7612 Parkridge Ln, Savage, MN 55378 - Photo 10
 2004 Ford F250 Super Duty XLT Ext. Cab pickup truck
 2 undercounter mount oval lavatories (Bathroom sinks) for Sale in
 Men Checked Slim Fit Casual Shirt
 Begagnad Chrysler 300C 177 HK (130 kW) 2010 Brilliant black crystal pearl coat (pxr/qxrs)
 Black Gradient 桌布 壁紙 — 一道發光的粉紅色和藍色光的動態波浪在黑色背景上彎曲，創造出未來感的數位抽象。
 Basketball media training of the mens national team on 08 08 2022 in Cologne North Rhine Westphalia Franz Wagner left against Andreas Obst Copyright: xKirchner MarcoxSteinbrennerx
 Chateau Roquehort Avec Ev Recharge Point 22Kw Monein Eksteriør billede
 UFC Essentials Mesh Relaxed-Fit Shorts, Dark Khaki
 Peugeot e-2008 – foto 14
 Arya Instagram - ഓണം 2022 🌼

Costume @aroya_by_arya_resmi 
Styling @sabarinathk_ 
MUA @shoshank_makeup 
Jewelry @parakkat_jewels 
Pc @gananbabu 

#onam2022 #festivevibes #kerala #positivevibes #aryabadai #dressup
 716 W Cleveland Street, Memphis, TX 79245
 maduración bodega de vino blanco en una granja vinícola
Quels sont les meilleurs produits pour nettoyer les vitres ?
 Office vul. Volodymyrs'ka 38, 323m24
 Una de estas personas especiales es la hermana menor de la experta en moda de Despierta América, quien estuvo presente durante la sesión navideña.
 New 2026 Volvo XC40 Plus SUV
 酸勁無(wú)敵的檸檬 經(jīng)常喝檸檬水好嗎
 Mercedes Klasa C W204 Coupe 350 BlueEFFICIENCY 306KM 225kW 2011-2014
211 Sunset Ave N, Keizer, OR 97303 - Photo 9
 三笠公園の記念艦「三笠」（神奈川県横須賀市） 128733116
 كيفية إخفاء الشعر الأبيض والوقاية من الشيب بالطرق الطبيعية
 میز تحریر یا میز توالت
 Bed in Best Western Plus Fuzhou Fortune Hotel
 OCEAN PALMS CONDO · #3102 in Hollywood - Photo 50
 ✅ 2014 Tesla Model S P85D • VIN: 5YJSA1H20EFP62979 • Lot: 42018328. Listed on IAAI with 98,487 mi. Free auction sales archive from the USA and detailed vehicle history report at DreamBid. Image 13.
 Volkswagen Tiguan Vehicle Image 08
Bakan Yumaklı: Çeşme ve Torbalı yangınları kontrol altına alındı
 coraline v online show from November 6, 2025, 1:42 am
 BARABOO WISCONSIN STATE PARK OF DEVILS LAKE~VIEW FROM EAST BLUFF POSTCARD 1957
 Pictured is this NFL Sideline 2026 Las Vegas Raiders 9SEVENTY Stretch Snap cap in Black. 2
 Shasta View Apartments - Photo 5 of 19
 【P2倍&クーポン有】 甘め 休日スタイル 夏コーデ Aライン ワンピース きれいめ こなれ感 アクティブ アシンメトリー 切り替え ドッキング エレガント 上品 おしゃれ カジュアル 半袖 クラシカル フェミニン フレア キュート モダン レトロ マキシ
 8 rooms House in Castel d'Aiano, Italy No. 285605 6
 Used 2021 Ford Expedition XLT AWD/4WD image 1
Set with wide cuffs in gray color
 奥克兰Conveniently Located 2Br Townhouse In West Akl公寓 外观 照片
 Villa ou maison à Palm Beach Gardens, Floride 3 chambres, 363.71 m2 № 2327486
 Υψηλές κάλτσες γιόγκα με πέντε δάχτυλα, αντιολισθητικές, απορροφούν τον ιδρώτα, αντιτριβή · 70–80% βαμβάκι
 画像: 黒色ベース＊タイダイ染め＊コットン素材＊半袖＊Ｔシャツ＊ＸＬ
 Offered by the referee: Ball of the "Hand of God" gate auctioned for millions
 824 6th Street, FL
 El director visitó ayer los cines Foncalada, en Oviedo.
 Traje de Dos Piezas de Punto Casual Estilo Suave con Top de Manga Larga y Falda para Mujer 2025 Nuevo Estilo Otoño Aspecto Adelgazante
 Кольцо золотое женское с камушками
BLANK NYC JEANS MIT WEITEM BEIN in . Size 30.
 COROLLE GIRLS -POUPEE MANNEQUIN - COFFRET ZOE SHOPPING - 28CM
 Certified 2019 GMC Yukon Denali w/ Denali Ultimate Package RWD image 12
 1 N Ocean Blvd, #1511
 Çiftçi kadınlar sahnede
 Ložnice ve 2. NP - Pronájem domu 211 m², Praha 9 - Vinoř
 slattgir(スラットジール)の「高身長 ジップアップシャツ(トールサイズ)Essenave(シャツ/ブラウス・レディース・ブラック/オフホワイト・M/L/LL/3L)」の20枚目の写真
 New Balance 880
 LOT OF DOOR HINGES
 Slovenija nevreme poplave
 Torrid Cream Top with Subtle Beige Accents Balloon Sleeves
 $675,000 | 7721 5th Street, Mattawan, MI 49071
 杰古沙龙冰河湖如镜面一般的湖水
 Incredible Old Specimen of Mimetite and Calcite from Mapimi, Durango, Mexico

::::::::

Reproduce exactly the entries above, limited to the lines from the one with "Costume @aroya_by_arya_resmi" through the one with "Office vul. Volodymyrs'ka 38, 323m24", both included.

• [Answer for this exercise]
Costume @aroya_by_arya_resmi 
Styling @sabarinathk_ 
MUA @shoshank_makeup 
Jewelry @parakkat_jewels 
Pc @gananbabu 

#onam2022 #festivevibes #kerala #positivevibes #aryabadai #dressup
 716 W Cleveland Street, Memphis, TX 79245
 maduración bodega de vino blanco en una granja vinícola
Quels sont les meilleurs produits pour nettoyer les vitres ?
 Office vul. Volodymyrs'ka 38, 323m24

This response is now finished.